[Exercise goal]
Reproduce the listing below from the line with "Franz Josef &" to the line with "Unto This Last", both lines included, character for character, minus any pictures.

[Source records]
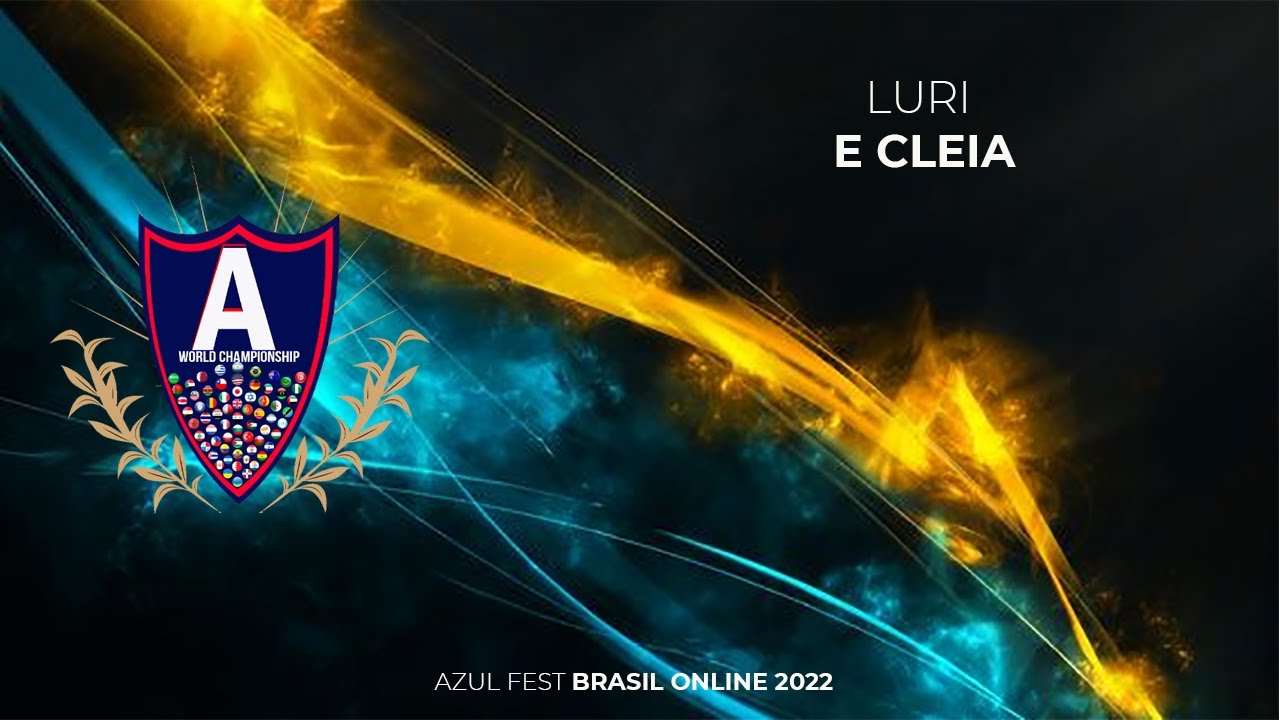 🌐 AZUL FEST BRASIL ONLINE 2022 | LURI E CLEIA  | AZUL FEST WORLD CHAMPIONSHIP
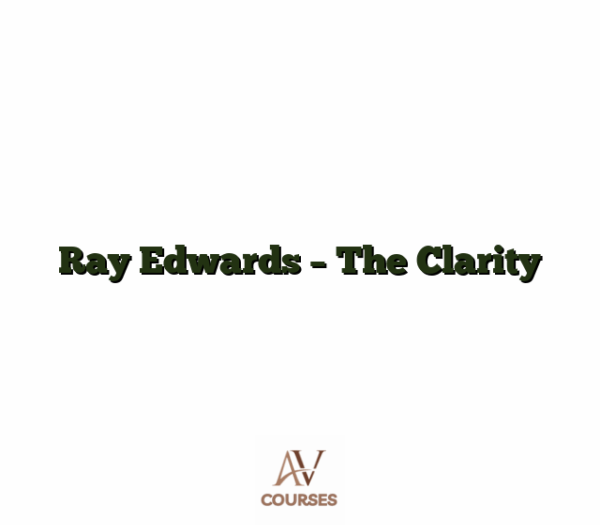 Ray Edwards - The Clarity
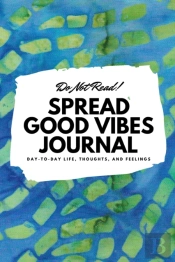 Do Not Read! Spread Good Vibes Journal:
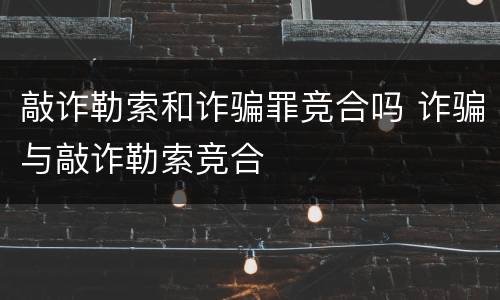 敲诈勒索和诈骗罪竞合吗 诈骗与敲诈勒索竞合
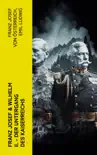 Franz Josef & Wilhelm II. - Der Untergang des Kaiserreichs sinopsis y comentarios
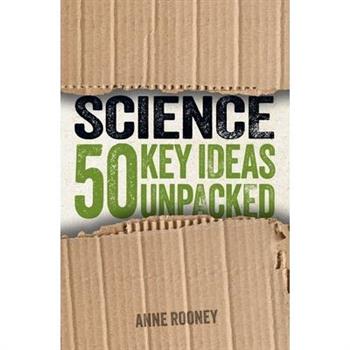 Science: 50 Key Ideas Unpacked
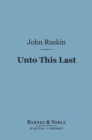 Unto This Last (Barnes & Noble Digital Library) : Four Essays on the First Principles of Political Economy - eBook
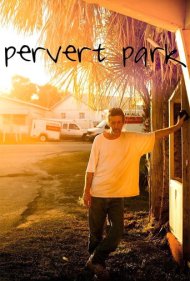 دانلود فیلم Pervert Park سال 2014 - پارک منحرفان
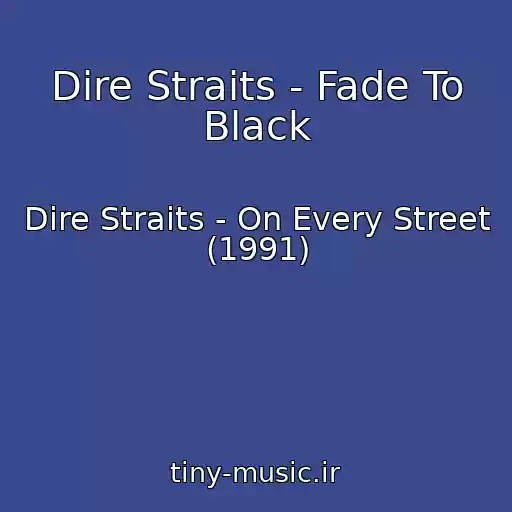 کاور آهنگ Dire Straits - Fade To Black از Dire Straits - On Every Street (1991)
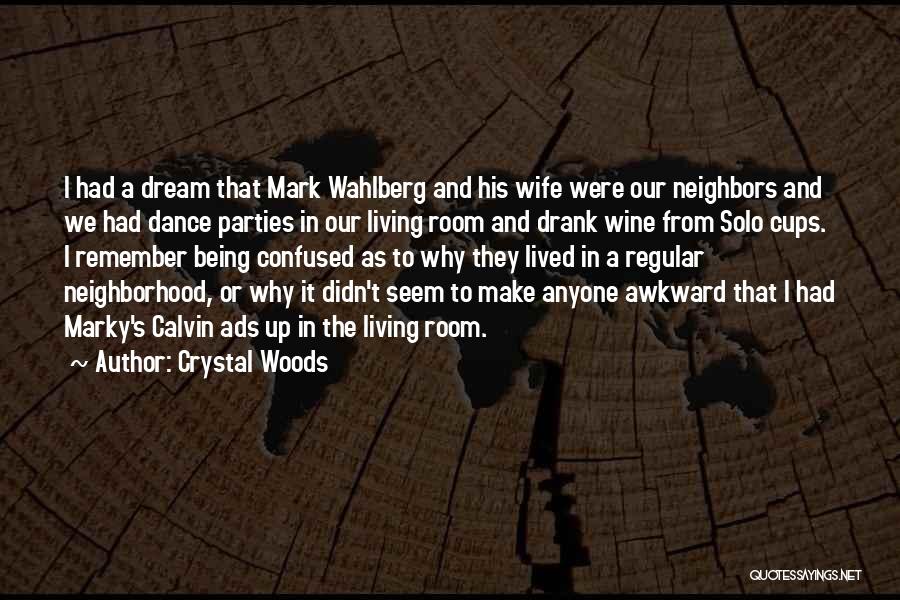 Dream House Quotes By Crystal Woods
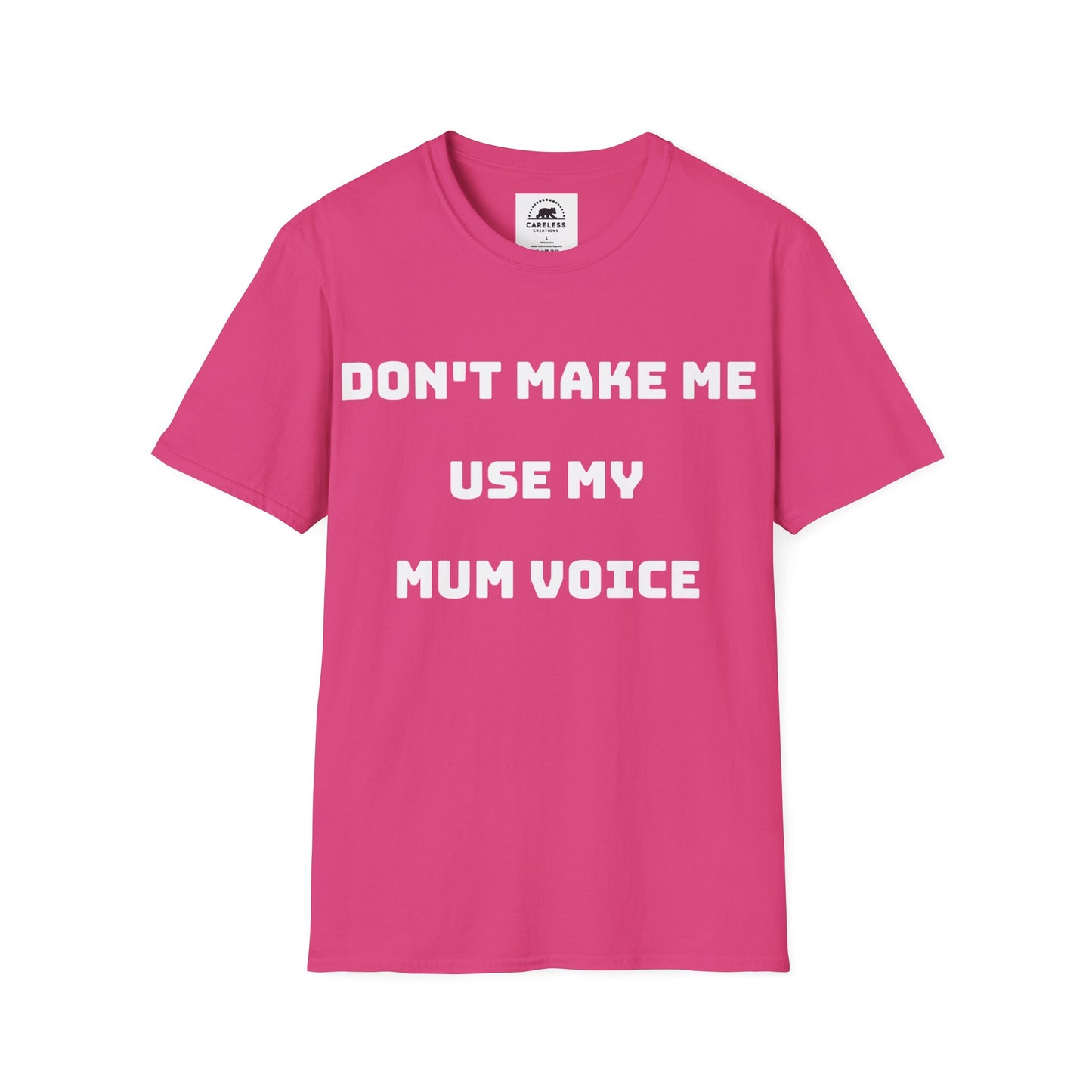 Don’t Make Me Use My Mum Voice T-Shirt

[Output]
 Franz Josef & Wilhelm II. - Der Untergang des Kaiserreichs sinopsis y comentarios
 Science: 50 Key Ideas Unpacked
 Unto This Last (Barnes & Noble Digital Library) : Four Essays on the First Principles of Political Economy - eBook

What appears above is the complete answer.